Priscilla hesitated. She was, it is true, a Protestant, it having been arranged on her mother’s marriage with the Catholic Grand Duke that every alternate princess born to them was to belong to the Protestant faith, and Priscilla being the alternate princess it came about that of the Grand Duke’s three children she alone was not a Catholic. Therefore she could go to church in Symford as often as she chose; but it was Fritzing’s going that made her hesitate, for Fritzing was what the vicar would have called a godless man, and never went to church.

“You are a member of the Church of England?” inquired the vicar, seeing her hesitate.

“Why, pater, she’s not English,” burst out Robin.
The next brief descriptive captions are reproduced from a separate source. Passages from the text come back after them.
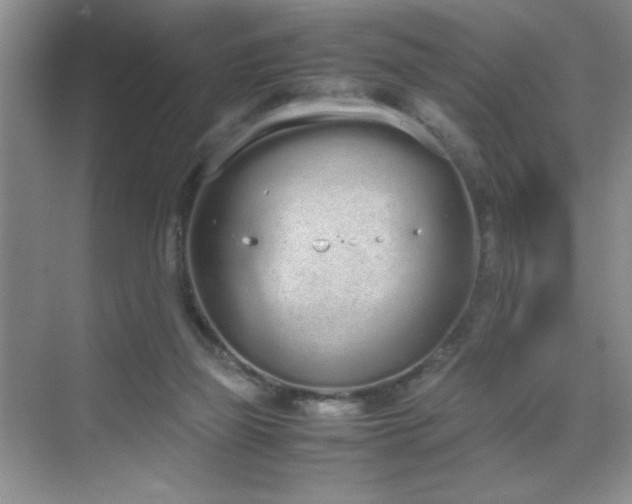 X0000070380165200606091134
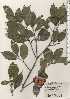  ( - TW024624)  @11 [ ] Copyright (2021) Unspecified Forestry and Forest Products Research Institute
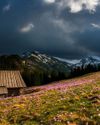 SHOOT STUNNING SPRING LANDSCAPES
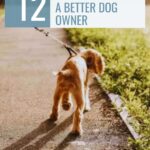 A small brown dog walking on a leash along a sunny path with text that reads &ldquo;12 Easy Ways to Be a Better Dog Owner&rdquo; and &ldquo;whatcanmydogeat.com.&rdquo; Discover tips that explore how dogs pick their person, helping you strengthen the special bond with your furry friend.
“Not English?” echoed the vicar.

“Is my English so bad?” asked Priscilla, smiling.

“It’s frightfully good,” said Robin; “but the ‘r’s,’ you know—”

“Ah, yes. No, I’m not English. I’m German.”

“Indeed?” said the vicar, with all the interest that attaches to any unusual phenomenon, and a German in Symford was of all phenomena the most unusual. “My dear young lady, how remarkable. I don’t remember ever having met a German before in these parts. Your English is really surprising. I should never have noticed—my boy’s ears are quicker than my old ones. Will you think me unpardonably curious if I ask what made you pitch on Symford as a place to live in?”

“My uncle passed through it years ago and thought it so pretty that he determined to spend his old age here.”

“And you, I suppose, are going to take care of him.”